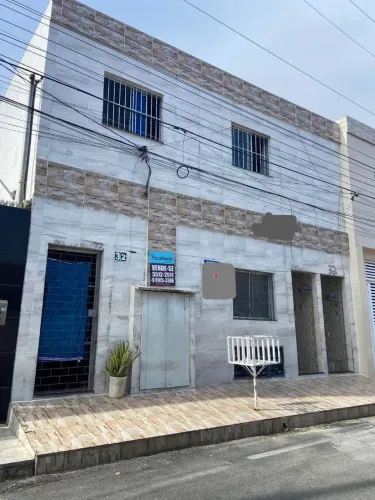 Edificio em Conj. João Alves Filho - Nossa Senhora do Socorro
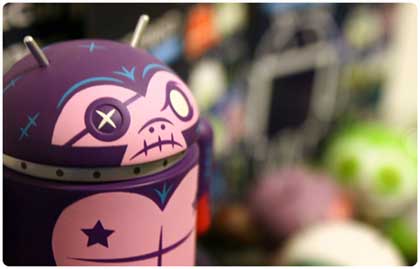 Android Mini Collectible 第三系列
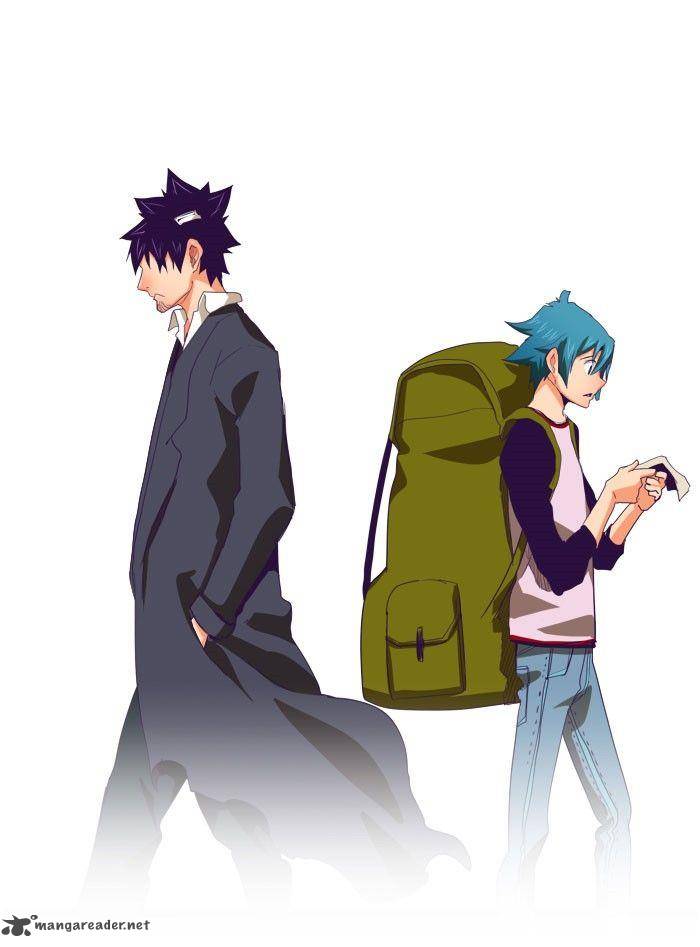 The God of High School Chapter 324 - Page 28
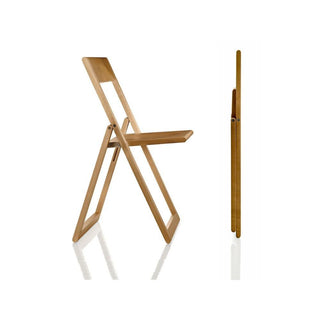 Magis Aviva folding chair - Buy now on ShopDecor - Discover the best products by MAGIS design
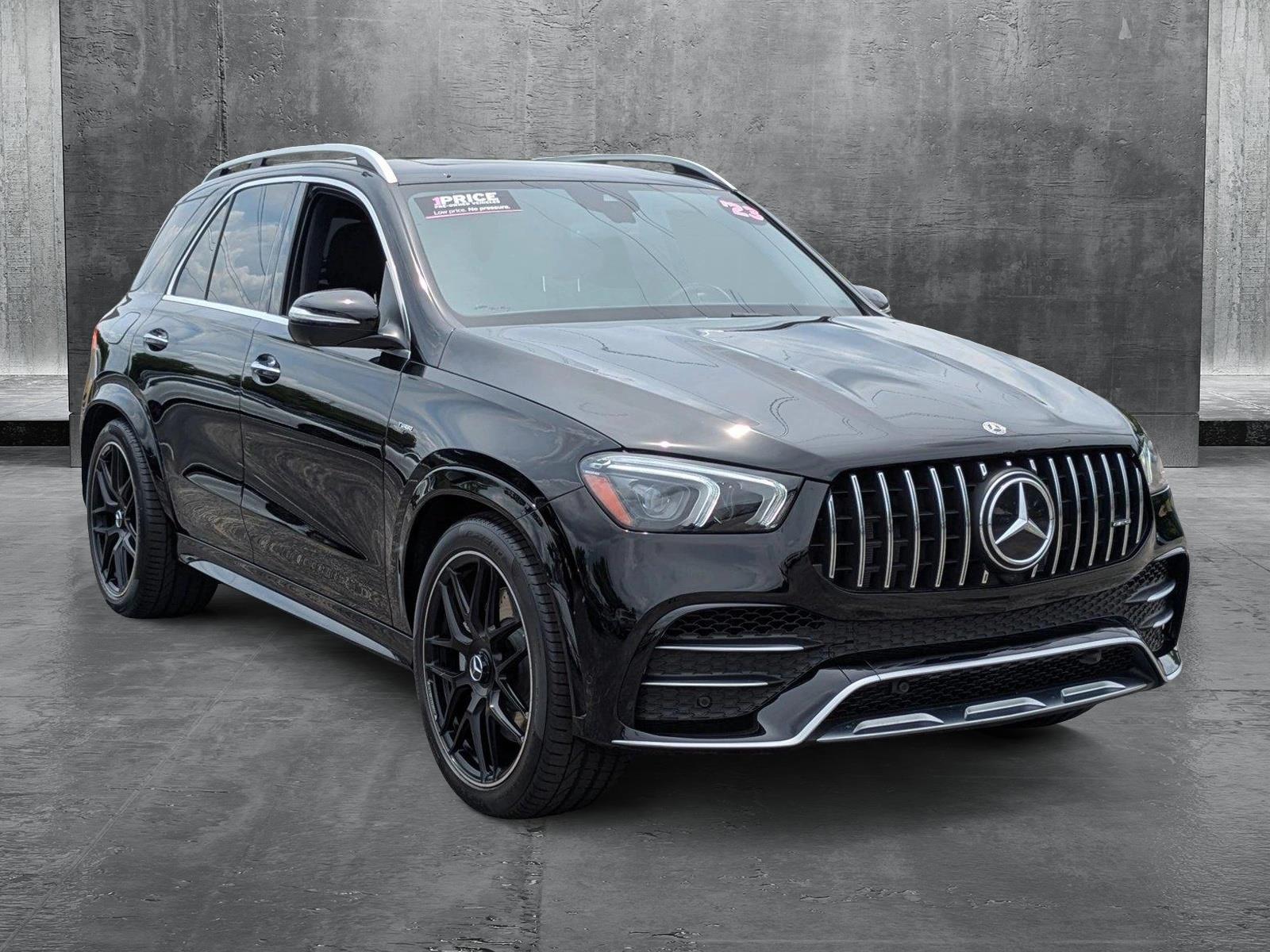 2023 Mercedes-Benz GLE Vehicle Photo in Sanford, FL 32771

---

**Required action**
Would you please transcribe the listing in full, exactly, while omitting the images?

**Task result**
 Edificio em Conj. João Alves Filho - Nossa Senhora do Socorro
 Android Mini Collectible 第三系列
 The God of High School Chapter 324 - Page 28
 Magis Aviva folding chair - Buy now on ShopDecor - Discover the best products by MAGIS design
 2023 Mercedes-Benz GLE Vehicle Photo in Sanford, FL 32771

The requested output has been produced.